### SUPPLIED DATA
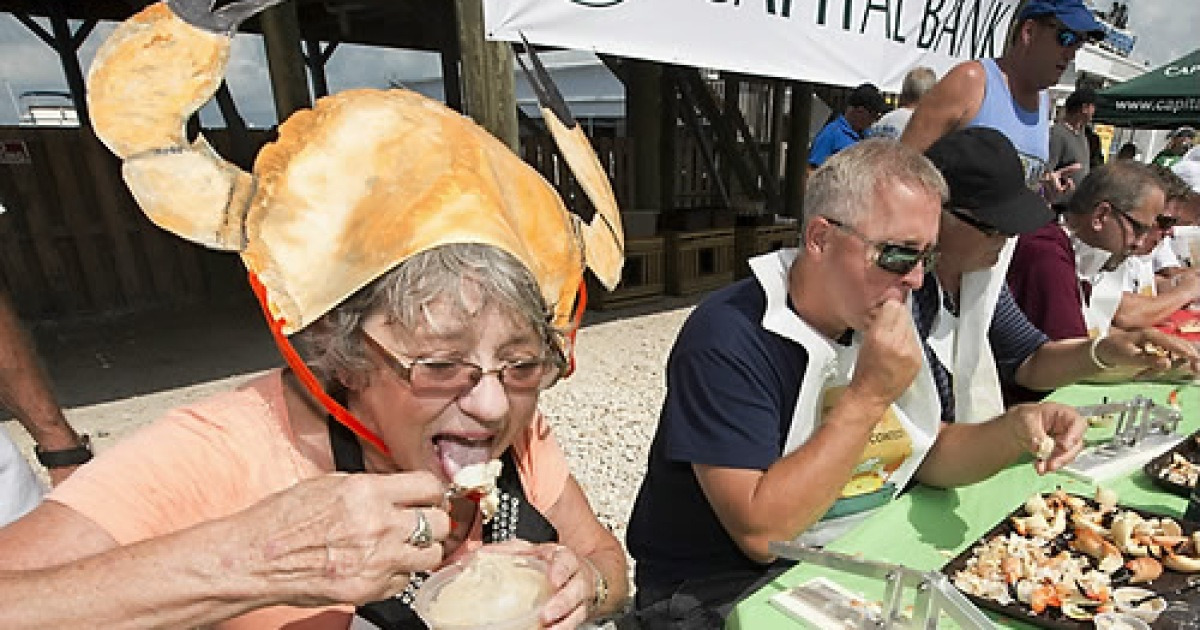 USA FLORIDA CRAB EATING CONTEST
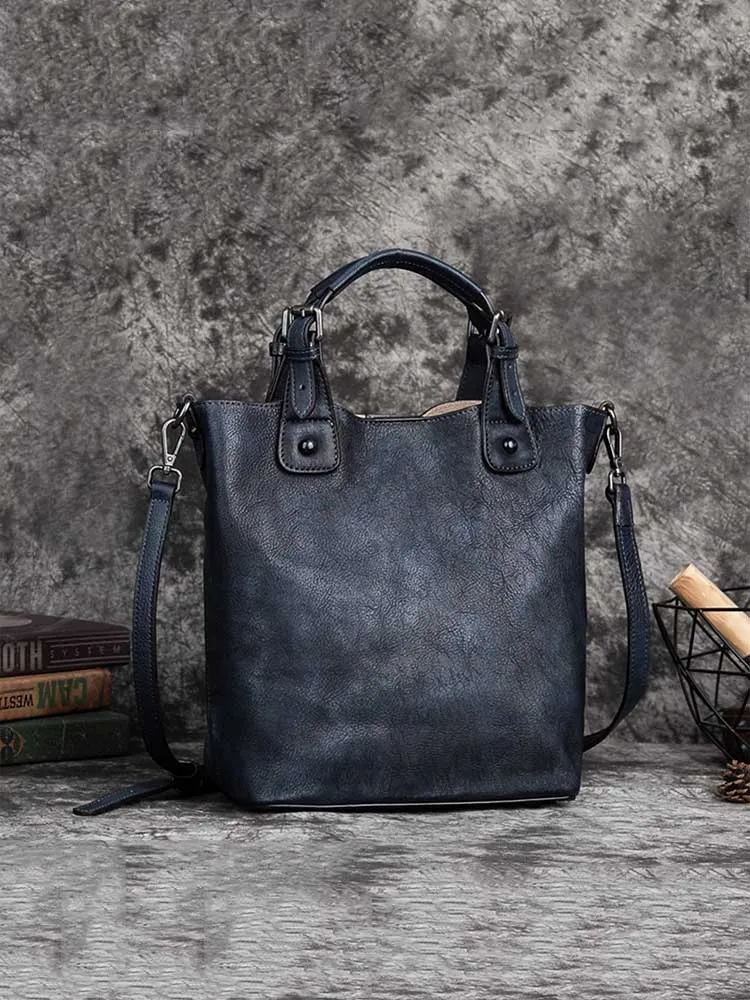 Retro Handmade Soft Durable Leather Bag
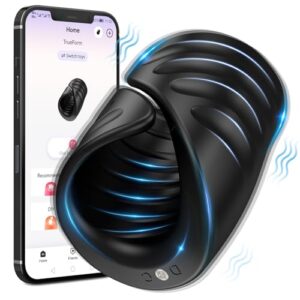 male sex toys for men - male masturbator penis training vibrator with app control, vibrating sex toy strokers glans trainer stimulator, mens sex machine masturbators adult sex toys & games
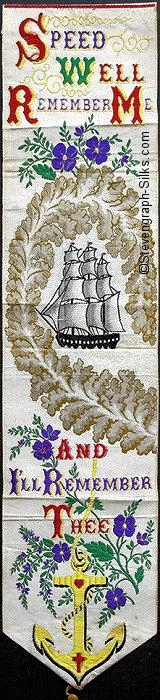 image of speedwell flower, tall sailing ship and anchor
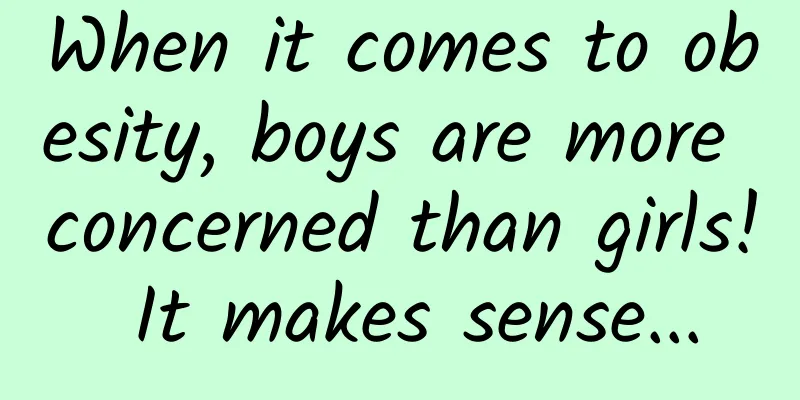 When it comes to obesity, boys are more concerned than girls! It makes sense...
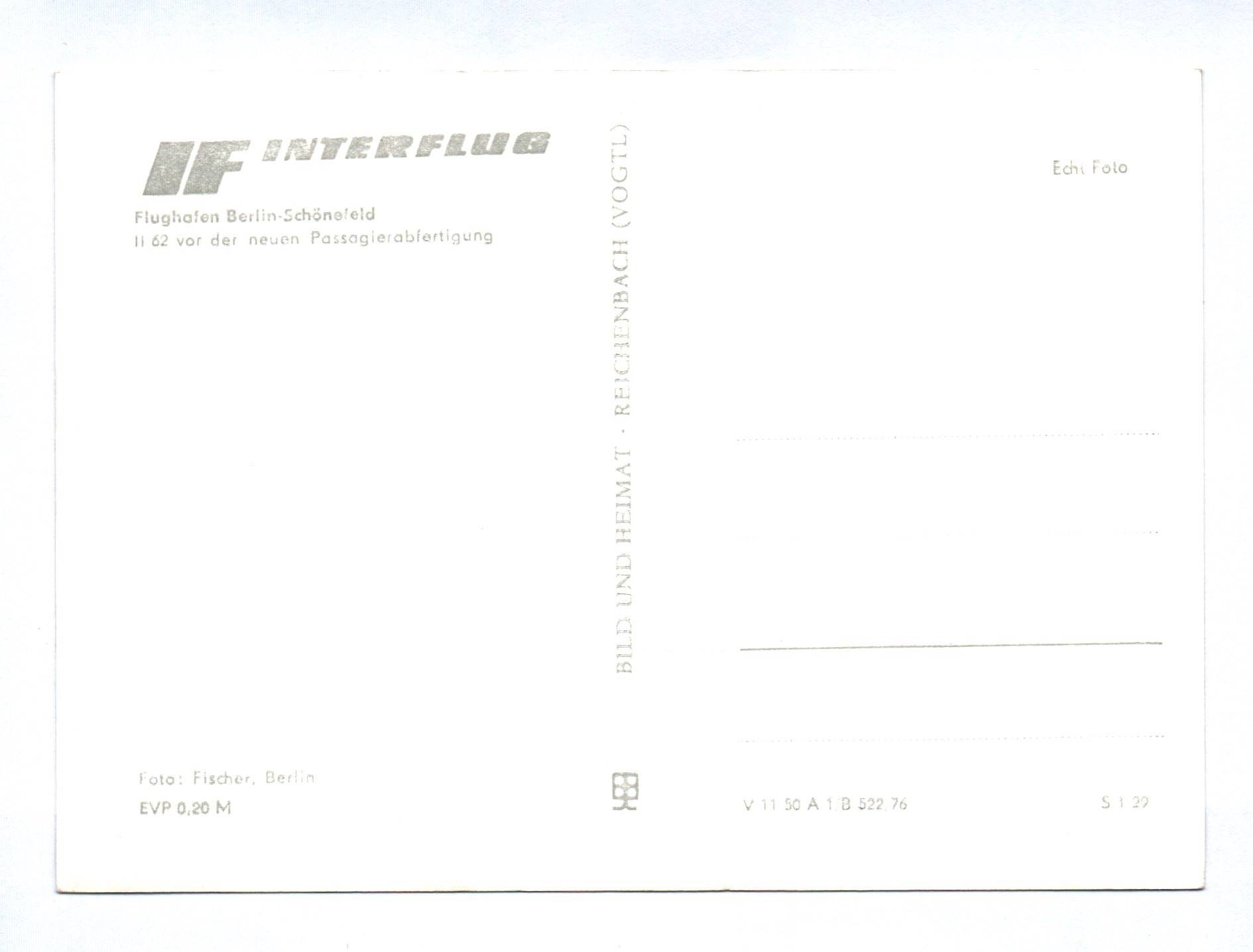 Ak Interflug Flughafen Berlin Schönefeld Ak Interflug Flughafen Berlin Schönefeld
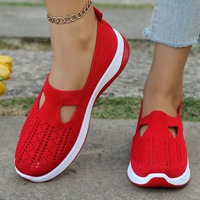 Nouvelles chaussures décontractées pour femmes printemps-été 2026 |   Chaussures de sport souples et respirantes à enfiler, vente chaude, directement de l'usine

### YOUR INSTRUCTIONS
Please set down exactly the lines from the one holding "When it comes" through the last line of the entries, both ends included, and skip pictures.

### TASK SOLUTION
 When it comes to obesity, boys are more concerned than girls! It makes sense...
 Ak Interflug Flughafen Berlin Schönefeld Ak Interflug Flughafen Berlin Schönefeld
 Nouvelles chaussures décontractées pour femmes printemps-été 2026 |   Chaussures de sport souples et respirantes à enfiler, vente chaude, directement de l'usine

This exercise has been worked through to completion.